A estratégia foi apresentada durante a TranspoAmazônia 2026, realizada na semana passada, em Manaus. O Terminal de Cargas do Aeroporto de Manaus é operado pela Concessionária dos Aeroportos da Amazônia, integrante da rede Vinci Airports, que assumiu a gestão do Manaus Airport em 2022.
Desde então, o terminal passou por investimentos em infraestrutura, segurança operacional, revisão de processos e renovação de equipamentos. Segundo a concessionária, as mudanças elevaram em 23,8% a eficiência operacional e reduziram o tempo médio de liberação de cargas.

Também foi implantado o serviço de quick service, voltado ao atendimento de cargas emergenciais.
Agora, a nova etapa prevê a implantação de um sistema de gestão de armazenagem e de um portal digital para clientes, com informações em tempo real sobre localização e movimentação das cargas. A renovação da frota de empilhadeiras também está prevista.
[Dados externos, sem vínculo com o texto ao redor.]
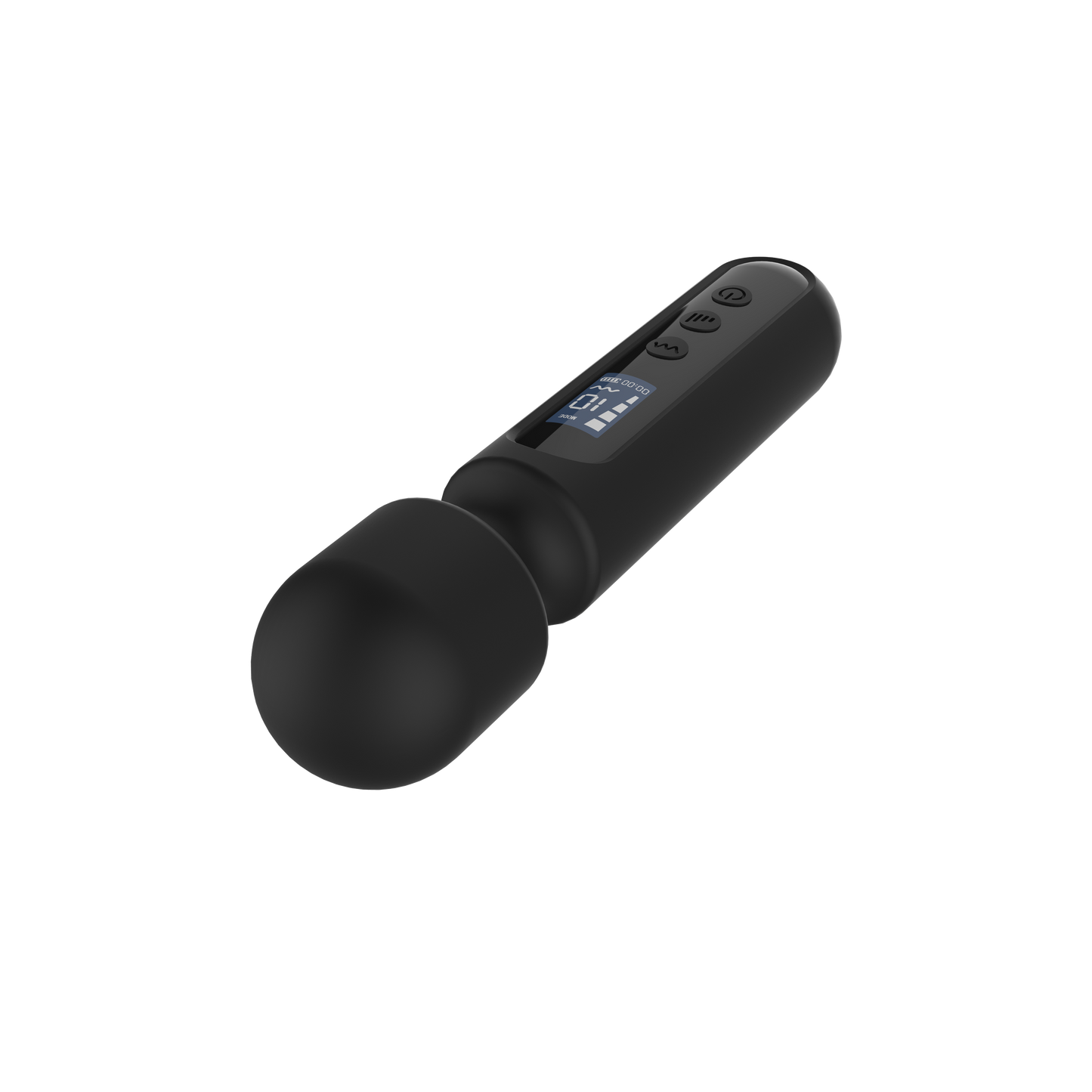 Selene – The Exquisite Mini Wand Vibrator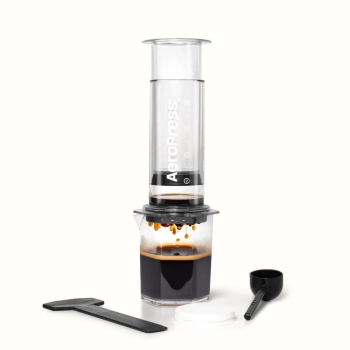 Zaparzacz do kawy Clear XL AeroPress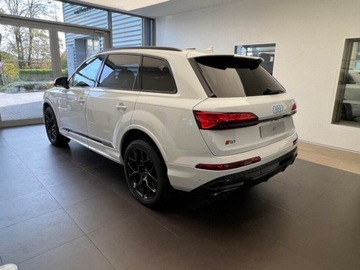 Audi Q7 II 2025 AUDI Q7 55 TFSI e quattro S Line Suv 3.0 (394KM) 2025, zdjęcie 1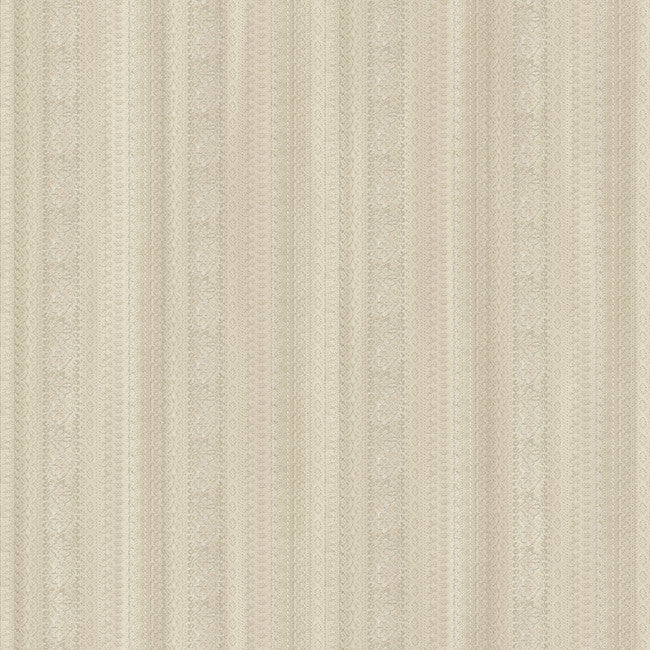 York BQ3873 Saint Augustine Lace Sidewall Wallpaper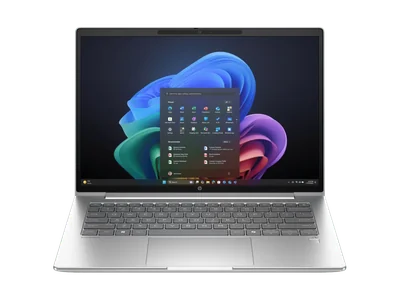 Laptop HP ProBook 4 G1q Next Gen AI PC, 14", Windows 11 Pro, Snapdragon X, 16 GB RAM, 512 GB SSD, C21TKAT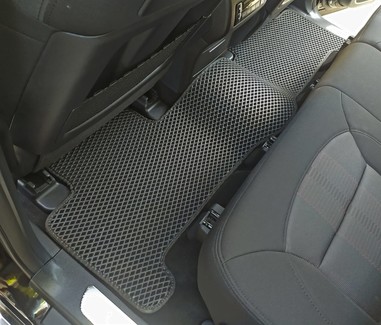 Коврики на Haval H9 I 2014&nbsp;-&nbsp;2024 в Хабаровске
“Hoje, tempo é um ativo. A indústria de Manaus trabalha com cadeias de suprimento extremamente sensíveis e, muitas vezes, a carga chega diretamente à linha de produção. Quanto maior a rastreabilidade e a previsibilidade, maior o valor agregado para o cliente”, afirma Luciana Procoro, gerente-geral do Terminal de Cargas do Aeroporto de Manaus.
Novas rotas
A modernização ocorre em meio à ampliação da conectividade aérea de Manaus. Em 2025, a Braspress passou a operar regularmente no terminal, ampliando a oferta de transporte doméstico de cargas.
Neste ano, a Latam iniciou a ligação direta entre Manaus e Fortaleza, reduzindo o tempo de transporte para a capital cearense. Antes, parte das cargas precisava passar por conexões em cidades como Brasília ou Recife.
No mercado internacional, a Atlas transformou em regular uma rota que antes era sazonal, elevando para quatro as frequências semanais entre Miami, nos Estados Unidos, e Manaus.

Avião da companhia áerea Atlas Air
A ampliação das conexões reforça a tentativa de posicionar a capital amazonense como ponto de entrada e saída de mercadorias para o Brasil e outros países da América do Sul.
“O que queremos é transformar Manaus em um hub para a América Latina. A localização geográfica da cidade, somada à força industrial da Zona Franca e aos investimentos em conectividade, cria condições para que ela assuma um papel cada vez mais relevante nas cadeias globais de suprimentos”, diz Luciana.
Carga e comércio eletrônico
O Terminal de Cargas do Aeroporto de Manaus opera 24 horas por dia e atende importação, exportação e distribuição para o mercado nacional. Por ano, movimenta cerca de 140 mil toneladas de mercadorias.
A estrutura atende principalmente cargas ligadas à Zona Franca de Manaus, mas também busca ampliar a atuação em novos segmentos logísticos.
O terminal já obteve homologação para iniciar operações de courier, modalidade usada no comércio eletrônico internacional. A expectativa é que o serviço amplie a oferta logística em Manaus e facilite operações de encomendas vindas do exterior.